▶ WHAT IS BEING ASKED: Please repeat exactly the lines from the one containing "Load image into" through the last line of the records below, leaving out any pictures.

▶ GIVEN RECORDS:
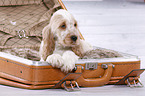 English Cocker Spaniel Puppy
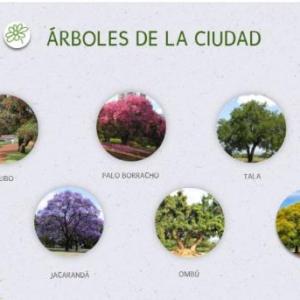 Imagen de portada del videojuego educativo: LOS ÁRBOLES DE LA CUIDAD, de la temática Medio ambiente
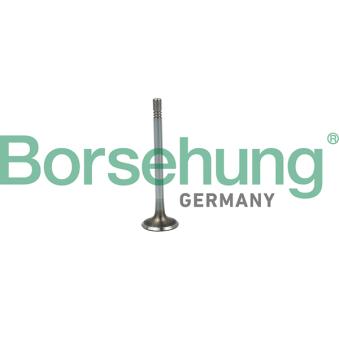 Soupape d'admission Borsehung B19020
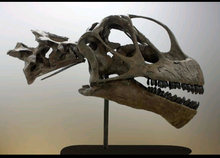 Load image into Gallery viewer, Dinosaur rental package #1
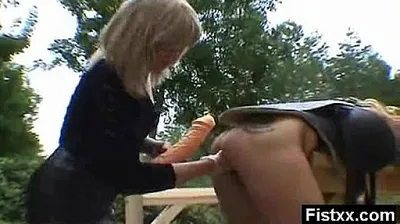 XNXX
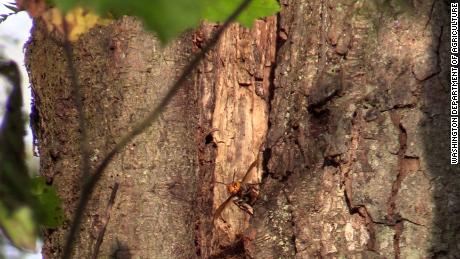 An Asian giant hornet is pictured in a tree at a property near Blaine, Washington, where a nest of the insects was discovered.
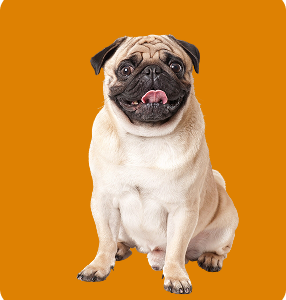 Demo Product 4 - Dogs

▶ EXPECTED ANSWER:
 Load image into Gallery viewer, Dinosaur rental package #1
 XNXX
 An Asian giant hornet is pictured in a tree at a property near Blaine, Washington, where a nest of the insects was discovered.
 Demo Product 4 - Dogs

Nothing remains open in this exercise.